▶ _Activity_
Reproduce, exactly and in full, the lines from the one with "Right, so this" through the one with "Acquiring an OCT" in the data below; drop pictures.

▶ _Material for the task_

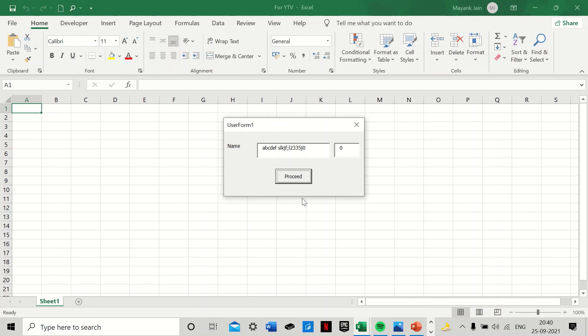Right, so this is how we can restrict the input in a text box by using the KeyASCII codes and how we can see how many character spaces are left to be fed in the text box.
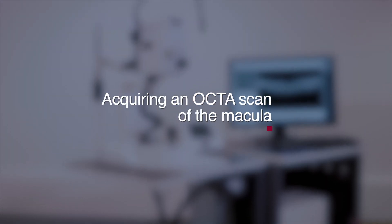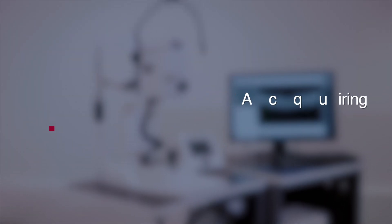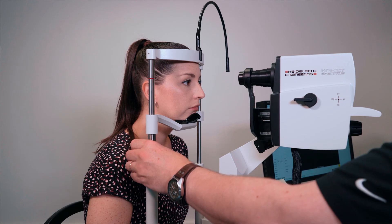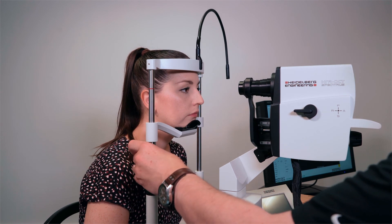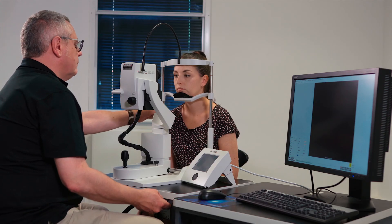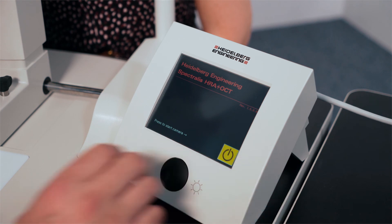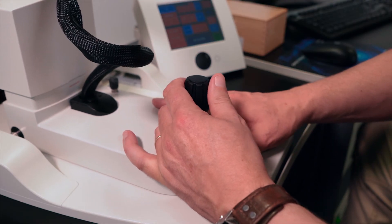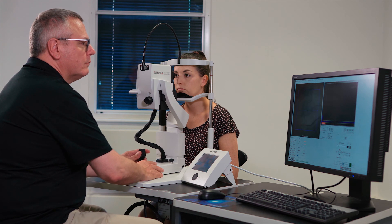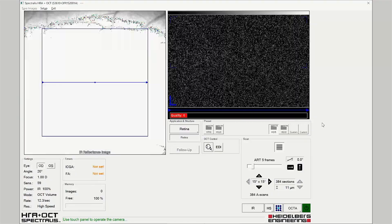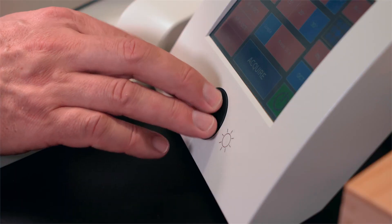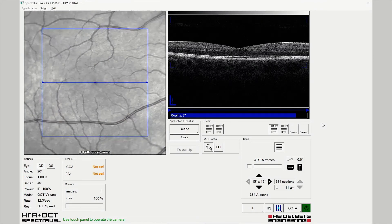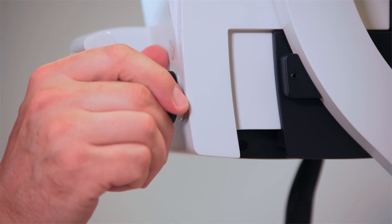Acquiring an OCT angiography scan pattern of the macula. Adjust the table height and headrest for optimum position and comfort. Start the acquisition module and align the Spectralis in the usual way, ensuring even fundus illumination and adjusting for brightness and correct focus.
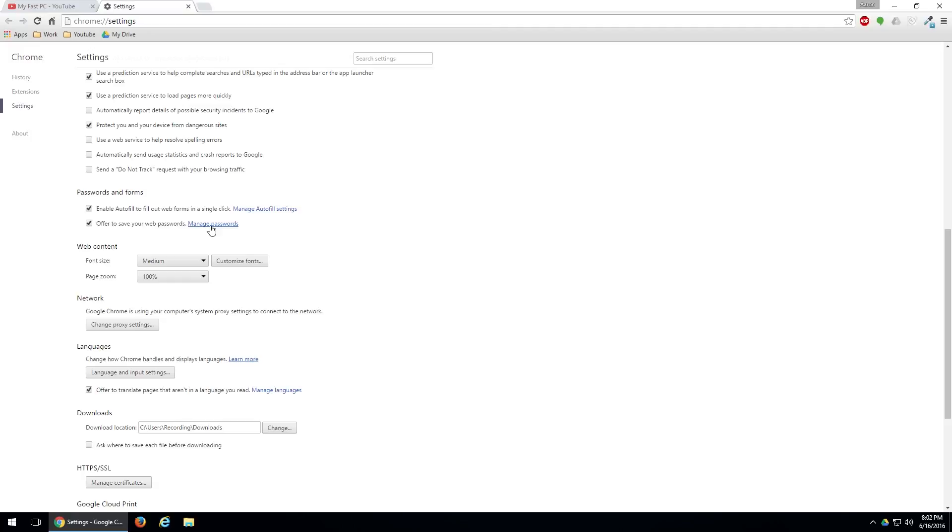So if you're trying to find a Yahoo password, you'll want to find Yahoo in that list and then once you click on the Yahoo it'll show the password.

--

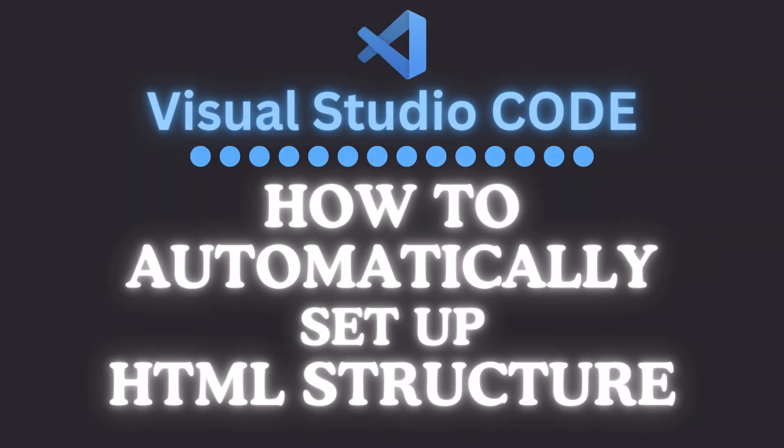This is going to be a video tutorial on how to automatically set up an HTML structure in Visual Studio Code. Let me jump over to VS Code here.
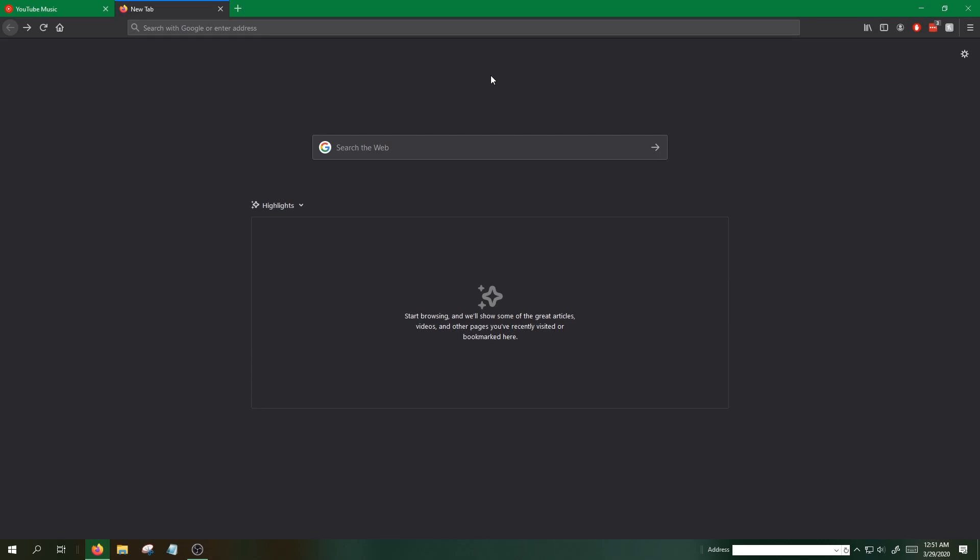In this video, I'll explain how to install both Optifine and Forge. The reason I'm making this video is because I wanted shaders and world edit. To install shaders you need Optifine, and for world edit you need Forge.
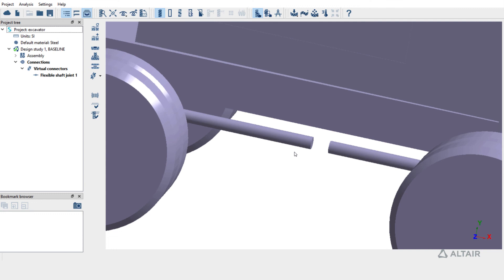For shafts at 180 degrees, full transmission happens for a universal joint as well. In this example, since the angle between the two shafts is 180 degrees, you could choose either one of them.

▶ _Answer space_
Right, so this is how we can restrict the input in a text box by using the KeyASCII codes and how we can see how many character spaces are left to be fed in the text box.
Acquiring an OCT angiography scan pattern of the macula. Adjust the table height and headrest for optimum position and comfort. Start the acquisition module and align the Spectralis in the usual way, ensuring even fundus illumination and adjusting for brightness and correct focus.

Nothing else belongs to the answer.